Free Speech in Government Buildings
Charles Turner is apparently no fan of South Euclid Mayor Georgine Welo. On one occasion, Turner held up a sign in the city hall parking lot proclaiming, “Mayor Welo Supports Brutality by Police Chief.” A few days later, he walked into city hall with a placard containing the same message.
South Euclid, it seems, has an ordinance which prohibits the conduct of any protest or demonstration, or the carrying of any sign, in city hall without first acquiring the approval of the mayor or the city safety director. (It turns out that they are one and the same.) Turner didn’t do so, and his actions resulted in two charges of criminal trespass. The municipal court promptly tossed the case as a violation of Turner’s First Amendment rights, and the city appealed.
My elfin friend John Martin handled the appeal, and we discussed the case, agreeing that if someone can walk into a courthouse with a sign saying “Fuck the Draft,” as the Supreme Court declared back in 1971 in Cohen v. California, surely one could walk into South Euclid city hall with a sign bemoaning the mayor’s alleged indifference to police brutality. John looked forward to the upcoming oral argument, and I could easily imagine his outraged countenance, as he stabbed his short, stubby fingers into the air for emphasis.
Turns out it didn’t quite go that way. The panel roasted him, and just a few weeks later came out with its decision, holding that the lower court’s ruling was premature. Criminal trespass requires proof that the defendant lacked privilege to be on the premises, and that was a factual question which could not be determined without trial.

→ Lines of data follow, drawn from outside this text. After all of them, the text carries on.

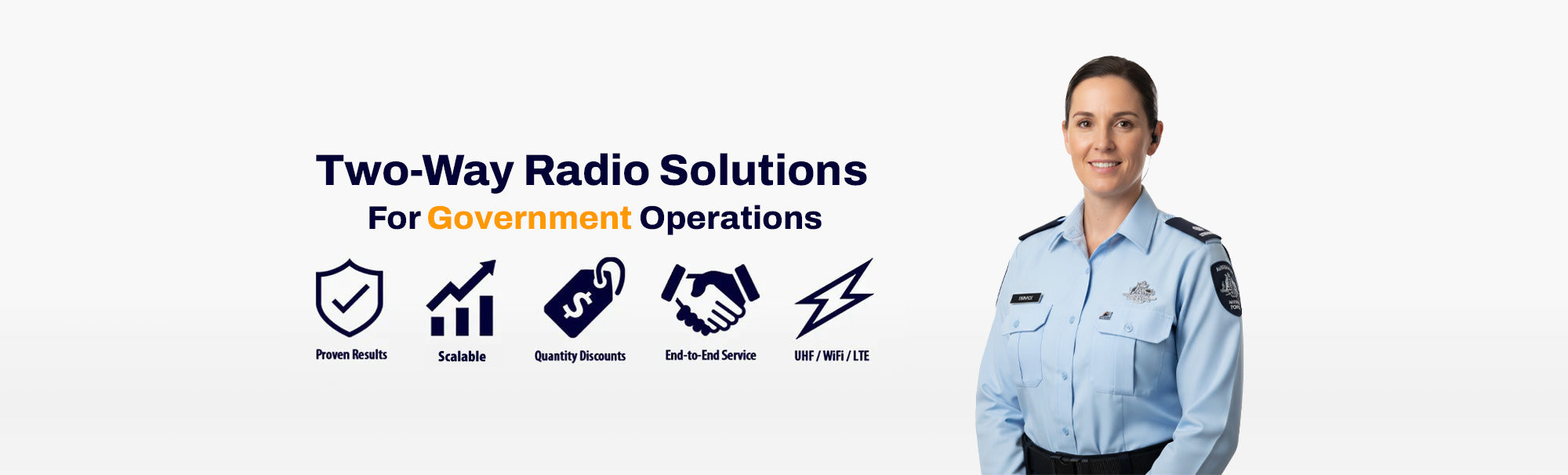 Certified two-way radios for government operations and public works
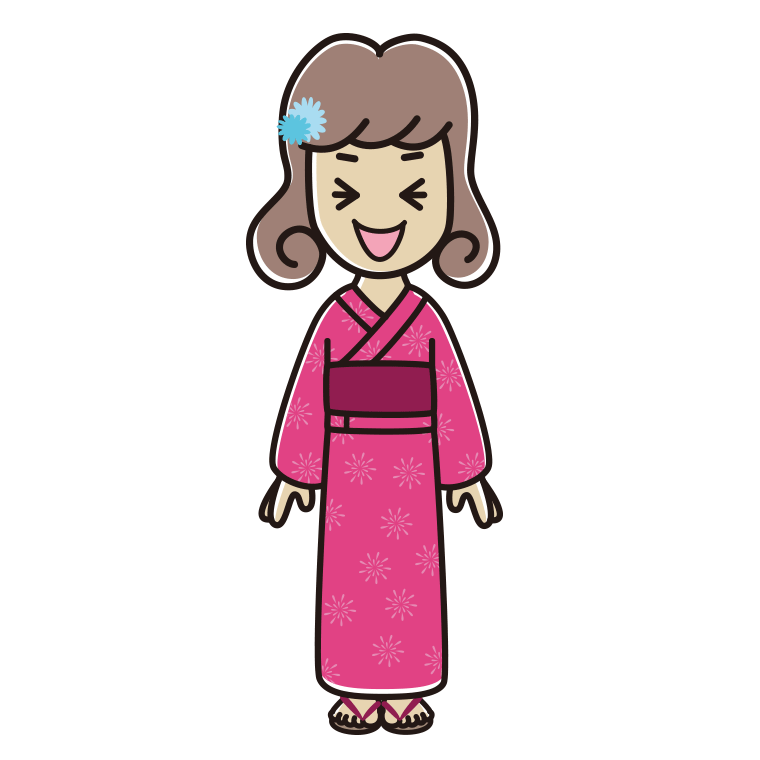 笑う浴衣姿の女子大学生のイラスト【色あり、背景なし】透過PNG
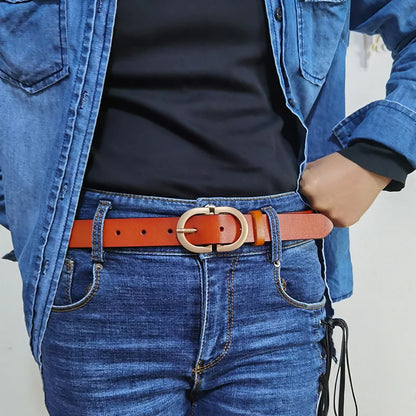Genuine leather belt women orange golden buckle UK — FTF Market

There’s something to that. The trial lawyer claimed only that the ordinance was unconstitutional “as applied” (although the municipal court held that it was unconstitutional on its face as well), and perhaps a better way of resolving the case would have been through stipulated facts and briefing.
But I checked, and it seems that the First Amendment hasn’t been modified since 1971. I’m trying to imagine a set of facts which would permit Turner’s conviction, and I’m drawing a blank.